Re: Just Joined, got lots of questions -help?

From: John Croft
Message: 853
Date: 2000-01-11

Sabine wrote
>on the subject of the Philistines:
>the Bible says they had come from Crete (Kaphtor) to the Levantine
coast.
>The end of the thirteenth century saw a lot of moving peoples in the
eastern
>Mediterranean, but only the Egyptians, seeing themselves threatened by
those
>sea-farers from the North, wrote down their names. The Philistines are
>usually seen as the people called 'Peleset', one of those trying to
invade
>Egypt from the East at around 1190 BC (during the reign of Ramses III).
>The one strange thing that might at some time in the future prove to
be a
>linguistic link is the way the Peleset - warriors are painted in the
temple
>of Ramses III at Medinet Habu. Their headgear looks like upright
feathers
>slightly spread in the form of a fan and has for this reason be
paralleled
>with the sign no. 2 of the famous Cretan Phaistos Disc depicting a man
with
>exactly that kind of thing on his head.
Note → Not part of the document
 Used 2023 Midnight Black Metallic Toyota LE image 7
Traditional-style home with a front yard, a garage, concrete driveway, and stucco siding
Well, may be we'll live to
see...
>The languages found in the region of Palestine (name deriving from
>Philistines) are, as far as I know, all of the Western-Semitic kind.
But
>actual connections between Western Galilee and the Minoan world before
the
>end of the 17th cent. BC have been proven in excavations at Tel Kabri.
>Archaeologists found a painted floor with a typically Aegean
decoration.
>(cf. W-D. Niemeier, New Archaeological Evidence for a 17th Century
Date of
>the 'Minoan Eruption from Israel (Tel Kabri, Western Galilee), in:
Thera and
>the Aegean World III/3, Lond. 1990. There is also another article by
>Niemeier you might want to have a look at on this subject, Brent: The
>Mycenaeans in Western Anatolia and the Problem of the origins of the
Sea
>Peoples, in: Mediterranean Peoples in Transition, eds.
Gitin/Mazar/Stern,
>Jerusalem 1998. This article contains a beautiful summary of all the
>theories made for the sea peoples since the beginning of the centuries
and
>give you an idea of how much the early Greeks (Mycenaeans, i.e.
Achaians,
>not Dorians etc.) had to do in the region at that time.
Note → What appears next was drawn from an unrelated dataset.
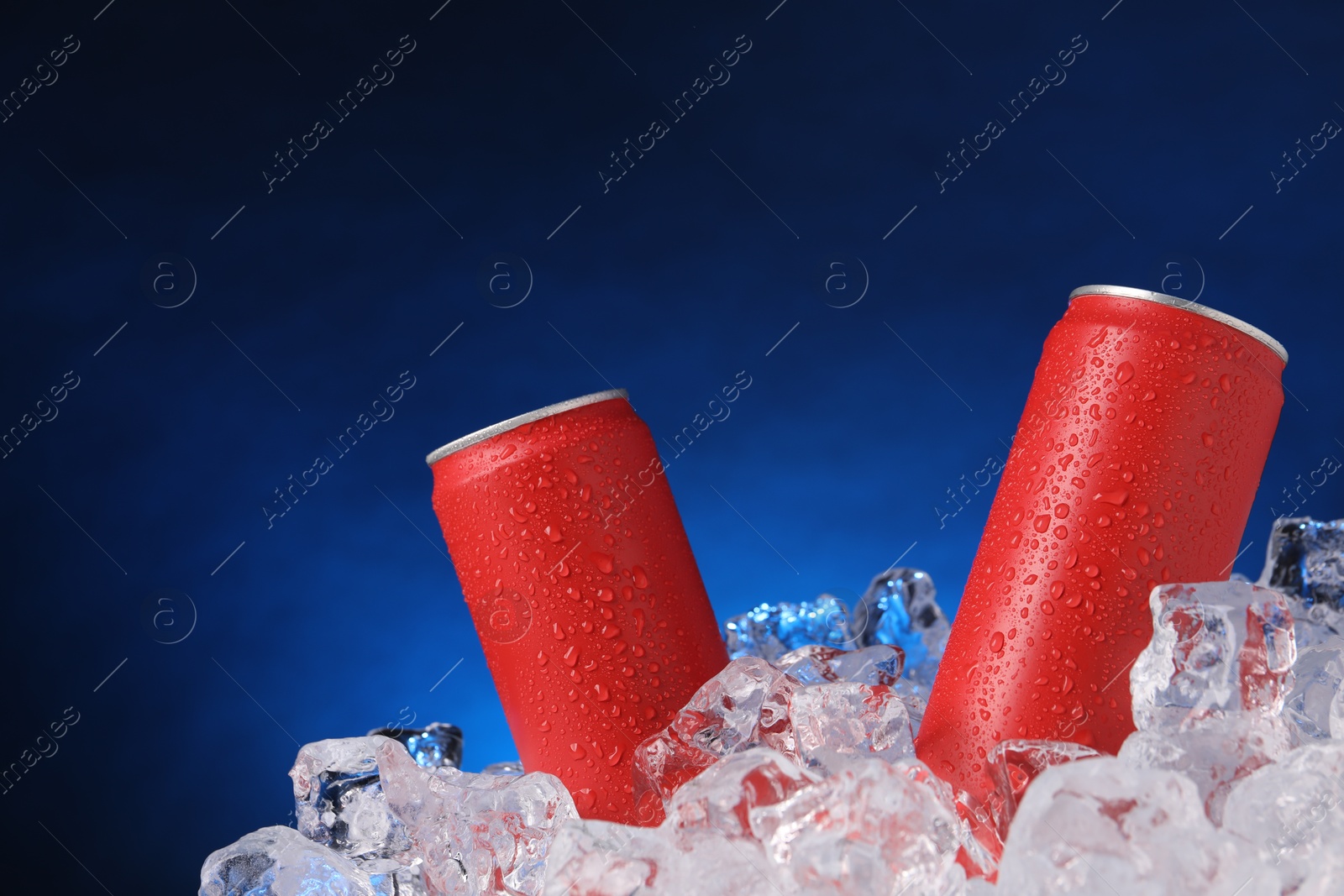 Refreshing drinks in cans on ice cubes against dark blue background Photo of Refreshing drinks in cans on ice cubes against dark blue background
There is also the evidence of the appearance of Late Helladic IIIC
pottery finds associated with the Philistine/Peleset in Palestine,
which again points to an Aegean Mycenaean origin. Sabine is correct in
saying that from fairly early on the Philistines spoke a West Semetic
Caananite language, but there are elements which suggest an origin
elsewhere. The title used for Philistine monarchs, for instance,
Seren, has been linked to the Greek word ,Tyrant.

There is also the early story of Mopsus of Colophon, a city of the Asia
Minor coast, who seems to have been associated with the movement of the
Peoples of the Sea. Cilician geneaologies for instance speak of Moxus
amongst their ancestors. Robert Graves in his Greek myths tells of the
death of Mopsus in Askelon (the Philistine city), after a sojourn in
Egypt, where he died after being bitten by a viper for throwing a
statue of the Goddess into a lake.

Intriguingly Moxus/Mopsus in Egyptian would have been given the name
Moses, but that is another story entirely!